## [DESCRIPTION OF THE TASK]
Please transcribe the listing that follows exactly; images are to be excluded.

## [SUPPLIED MATERIAL]
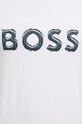Футболка Boss Green 2 шт 50506362 мультиколор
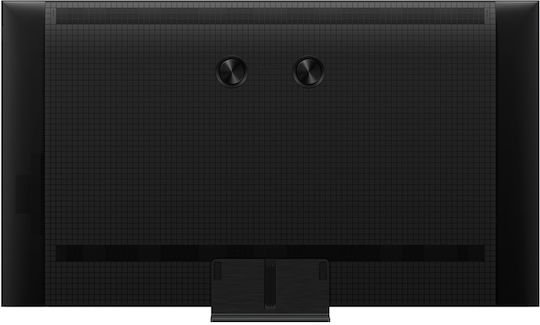 TCL Smart TV 85" 4K UHD QD-Mini LED C6K Pro HDR (2026) 85C6K Pro
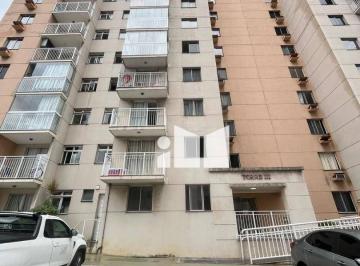Imagem 1 · Apartamento para venda em Ataíde, Vila Velha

## [ANSWER TO THIS PROBLEM]
Футболка Boss Green 2 шт 50506362 мультиколор
 TCL Smart TV 85" 4K UHD QD-Mini LED C6K Pro HDR (2026) 85C6K Pro
Imagem 1 · Apartamento para venda em Ataíde, Vila Velha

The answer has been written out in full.